Os bugrinos, que já viveram as angústias de uma terceira divisão, buscam achar as razões da nova queda e perspectivas para os próximos anos. E se perguntam: quando é que nosso zagueiro vai parar de falhar no escanteio do adversário, e quando nosso centroavante vai voltar a fazer gol?Para entender o porquê desse novo fracasso, precisamos analisar a história recente do clube.

Passado

Em 2014, dez anos atrás, o Guarani renasceu das cinzas depois de quase falir. O maior símbolo da situação trágica do clube foi o dia 3 de setembro. Neste dia, os jogadores do Guarani ficaram esperando o então presidente do Guarani Álvaro Negrão quitar três meses de salários atrasados.

Liderados pelo ídolo Fumagalli, acreditaram na promessa do dirigente, e, pacientemente aguardaram no vestiário do clube. Uma, duas, três, quatro horas sentados.  Álvaro Negrão não apareceu, e além de deixar os jogadores na mão, renunciou ao cargo, deixando o clube à deriva no meio de tantos problemas.

O Guarani precisou vender o estádio em razão das dívidas de mais de 250 milhões de reais, acumuladas nas más administrações de Beto Zini e José Luis Lourencetti. O estádio foi a leilão para pagar jogadores e funcionários, que por anos trabalharam no clube sem receber pelos seus direitos, apenas pelo amor ao campeão brasileiro de 1978.

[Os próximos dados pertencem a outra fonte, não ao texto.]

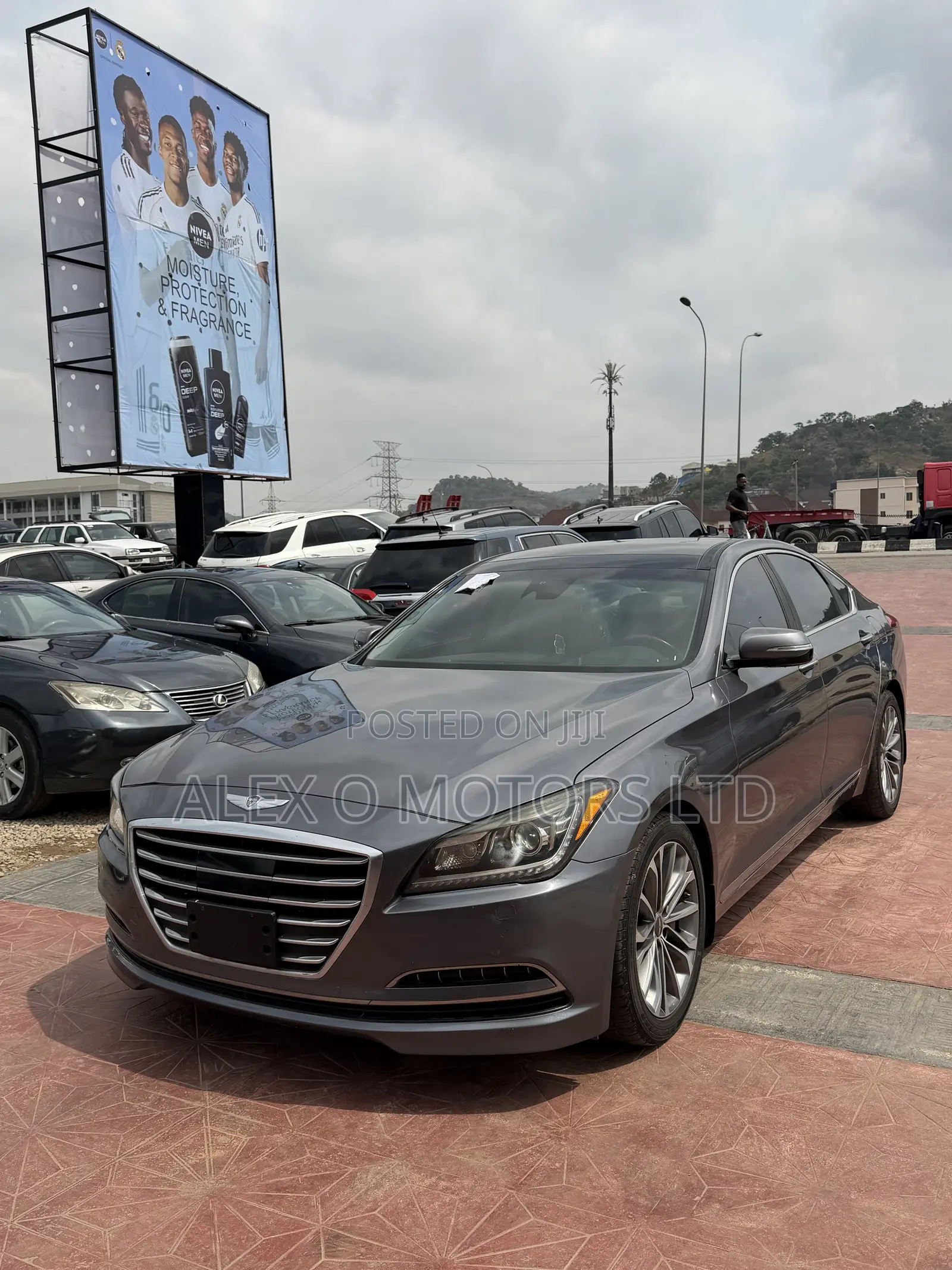 Hyundai Genesis 5.0 RWD 2016 Gray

No primeiro leilão, o patrimônio foi vendido para uma empresa gaúcha, a Maxion Empreendimentos Imobiliário, que planejava demolir o Brinco de Ouro sem garantir um novo estádio ao Guarani. Com uma articulação do advogado Horley Senna, que depois viria a ser presidente do clube, com a juíza do Trabalho, Ana Cláudia Torres Vianna, responsável pelos processos, o Guarani conseguiu reverter a decisão e, então, escolher o comprador do estádio, a Magnum, de Roberto Graziano.

No acordo costurado pelo departamento jurídico do clube, o Brinco de Ouro permaneceria em pé até que outro estádio fosse construído pela empresa dos relógios. Dessa forma, o clube permanece até hoje com a sede intacta, e manda seus jogos no campo onde foi campeão brasileiro.

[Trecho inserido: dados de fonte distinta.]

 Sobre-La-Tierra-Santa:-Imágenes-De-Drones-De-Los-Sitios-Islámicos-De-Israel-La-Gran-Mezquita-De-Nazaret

Com a venda do estádio e o trabalho árduo dos sócios do clube, o Guarani se levantou e chegou a uma importante estabilidade. Houve racionalização dos gastos, transparência nas contas do clube, e uma administração dividida entre os associados do clube, a empresa Magnum, e a Asa Alumínios, que, com Ricardo Moisés, chegou inclusive a assumir a presidência do clube em 2019. O time respondeu em campo, subiu para a série B em 2016 e para a série A1 do Paulista em 2018.

Presente

Porém, hoje, o modelo de administração do Guarani, muito longe de ser profissional, está em xeque.  Não há dúvidas que o trabalho feito pelos sócios e pelos empresários deram uma sobrevida ao clube após a perda do seu mais importante patrimônio. Mas o futebol de hoje precisa de muito mais do que a boa vontade de associados abnegados e de empresários que têm a bola como uma segunda atividade. Precisa de profissionais dedicados, com entendimento do esporte e competência no trabalho.

O Guarani ainda é um clube. Além do futebol, o presidente e o conselho de administração são responsáveis pela piscina, pela bocha, pelas quadras tênis, uma série de assuntos que não têm a competitividade do esporte mais rentável do país.

E quem chega ao conselho de administração para tomar as decisões sobre o futebol não chega por sua experiência ou competência em gerir o futebol. Chega pelo voto dos sócios do clube.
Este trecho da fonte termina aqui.